[Stored data]
--------

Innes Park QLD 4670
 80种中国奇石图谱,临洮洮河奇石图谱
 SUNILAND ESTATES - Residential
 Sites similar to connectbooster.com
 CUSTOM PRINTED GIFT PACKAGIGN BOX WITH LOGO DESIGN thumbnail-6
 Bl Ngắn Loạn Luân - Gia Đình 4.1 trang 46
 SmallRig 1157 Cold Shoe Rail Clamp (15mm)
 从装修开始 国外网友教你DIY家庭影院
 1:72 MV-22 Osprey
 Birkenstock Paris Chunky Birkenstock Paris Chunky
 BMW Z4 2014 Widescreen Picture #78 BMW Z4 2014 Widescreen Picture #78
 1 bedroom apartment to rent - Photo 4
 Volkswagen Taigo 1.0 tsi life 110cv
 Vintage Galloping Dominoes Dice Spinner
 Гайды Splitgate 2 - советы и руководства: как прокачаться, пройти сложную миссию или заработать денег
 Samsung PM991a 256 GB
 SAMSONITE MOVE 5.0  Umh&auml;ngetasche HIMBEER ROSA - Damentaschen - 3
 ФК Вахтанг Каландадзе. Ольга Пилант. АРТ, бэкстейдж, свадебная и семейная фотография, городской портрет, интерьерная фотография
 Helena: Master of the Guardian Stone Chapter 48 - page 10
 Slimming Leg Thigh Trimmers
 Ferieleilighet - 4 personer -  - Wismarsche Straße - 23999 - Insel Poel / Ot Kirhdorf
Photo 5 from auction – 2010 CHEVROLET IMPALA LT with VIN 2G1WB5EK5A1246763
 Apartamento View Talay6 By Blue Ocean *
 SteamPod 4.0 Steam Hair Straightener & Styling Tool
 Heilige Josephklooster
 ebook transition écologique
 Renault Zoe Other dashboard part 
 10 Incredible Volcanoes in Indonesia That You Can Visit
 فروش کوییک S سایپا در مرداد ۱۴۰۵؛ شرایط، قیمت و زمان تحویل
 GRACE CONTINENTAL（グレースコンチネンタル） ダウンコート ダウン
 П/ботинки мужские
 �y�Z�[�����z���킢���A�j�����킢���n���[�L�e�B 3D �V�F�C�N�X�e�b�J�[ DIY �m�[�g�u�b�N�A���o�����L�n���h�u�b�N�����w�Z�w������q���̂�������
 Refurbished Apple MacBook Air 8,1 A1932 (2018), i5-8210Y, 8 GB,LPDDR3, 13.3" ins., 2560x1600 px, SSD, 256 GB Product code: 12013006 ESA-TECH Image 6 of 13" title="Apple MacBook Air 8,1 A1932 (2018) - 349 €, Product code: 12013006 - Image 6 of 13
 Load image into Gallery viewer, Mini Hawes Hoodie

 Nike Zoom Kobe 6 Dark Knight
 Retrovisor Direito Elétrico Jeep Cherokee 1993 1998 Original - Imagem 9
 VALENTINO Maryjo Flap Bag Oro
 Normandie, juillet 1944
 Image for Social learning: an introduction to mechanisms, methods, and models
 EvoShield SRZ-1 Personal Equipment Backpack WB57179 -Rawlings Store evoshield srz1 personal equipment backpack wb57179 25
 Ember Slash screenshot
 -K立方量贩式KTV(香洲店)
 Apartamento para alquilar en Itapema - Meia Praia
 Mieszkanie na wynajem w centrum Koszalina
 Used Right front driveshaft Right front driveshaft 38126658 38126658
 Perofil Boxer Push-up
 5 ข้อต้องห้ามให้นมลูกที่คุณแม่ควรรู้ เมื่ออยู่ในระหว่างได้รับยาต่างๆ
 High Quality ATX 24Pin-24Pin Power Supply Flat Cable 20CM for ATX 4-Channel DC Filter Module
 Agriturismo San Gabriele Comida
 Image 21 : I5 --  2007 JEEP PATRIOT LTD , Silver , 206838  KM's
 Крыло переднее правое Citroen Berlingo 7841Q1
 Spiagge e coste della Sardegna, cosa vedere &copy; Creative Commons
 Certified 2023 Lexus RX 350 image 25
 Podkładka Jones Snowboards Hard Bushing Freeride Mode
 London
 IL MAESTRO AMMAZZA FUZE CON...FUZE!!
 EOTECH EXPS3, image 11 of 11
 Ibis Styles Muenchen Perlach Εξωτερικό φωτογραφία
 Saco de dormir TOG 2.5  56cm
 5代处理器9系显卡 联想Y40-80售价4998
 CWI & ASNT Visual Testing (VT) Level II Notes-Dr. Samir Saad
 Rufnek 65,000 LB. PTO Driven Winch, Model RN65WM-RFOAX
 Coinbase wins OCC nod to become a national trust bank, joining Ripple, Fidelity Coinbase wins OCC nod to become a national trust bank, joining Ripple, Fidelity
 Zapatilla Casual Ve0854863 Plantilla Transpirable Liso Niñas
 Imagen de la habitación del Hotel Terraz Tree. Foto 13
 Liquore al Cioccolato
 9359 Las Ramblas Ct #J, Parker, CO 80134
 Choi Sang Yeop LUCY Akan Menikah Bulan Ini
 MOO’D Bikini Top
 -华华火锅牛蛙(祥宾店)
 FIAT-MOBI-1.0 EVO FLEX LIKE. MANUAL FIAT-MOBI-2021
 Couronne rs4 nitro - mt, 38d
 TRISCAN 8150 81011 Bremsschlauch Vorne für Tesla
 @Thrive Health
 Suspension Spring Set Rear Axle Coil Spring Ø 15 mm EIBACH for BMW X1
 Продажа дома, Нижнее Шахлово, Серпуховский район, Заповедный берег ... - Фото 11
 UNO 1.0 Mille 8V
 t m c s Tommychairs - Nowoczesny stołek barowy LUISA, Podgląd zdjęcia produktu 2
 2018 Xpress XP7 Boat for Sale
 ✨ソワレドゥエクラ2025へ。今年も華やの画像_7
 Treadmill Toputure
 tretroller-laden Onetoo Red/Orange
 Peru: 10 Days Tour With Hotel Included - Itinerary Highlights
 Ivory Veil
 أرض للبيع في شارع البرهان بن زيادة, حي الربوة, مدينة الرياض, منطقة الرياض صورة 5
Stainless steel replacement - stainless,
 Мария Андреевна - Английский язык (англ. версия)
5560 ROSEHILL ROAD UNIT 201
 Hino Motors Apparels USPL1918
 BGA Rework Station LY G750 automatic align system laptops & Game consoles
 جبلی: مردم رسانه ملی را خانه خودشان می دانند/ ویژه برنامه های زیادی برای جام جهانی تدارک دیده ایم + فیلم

--------

» **WHAT IS REQUIRED**
Retype only the stretch of lines above starting at the one with "Apartamento para alquilar" and stopping at the one with "Certified 2023 Lexus RX 350 image 25", exactly as written, with both kept.

» **WRITTEN RESPONSE**
 Apartamento para alquilar en Itapema - Meia Praia
 Mieszkanie na wynajem w centrum Koszalina
 Used Right front driveshaft Right front driveshaft 38126658 38126658
 Perofil Boxer Push-up
 5 ข้อต้องห้ามให้นมลูกที่คุณแม่ควรรู้ เมื่ออยู่ในระหว่างได้รับยาต่างๆ
 High Quality ATX 24Pin-24Pin Power Supply Flat Cable 20CM for ATX 4-Channel DC Filter Module
 Agriturismo San Gabriele Comida
 Image 21 : I5 --  2007 JEEP PATRIOT LTD , Silver , 206838  KM's
 Крыло переднее правое Citroen Berlingo 7841Q1
 Spiagge e coste della Sardegna, cosa vedere &copy; Creative Commons
 Certified 2023 Lexus RX 350 image 25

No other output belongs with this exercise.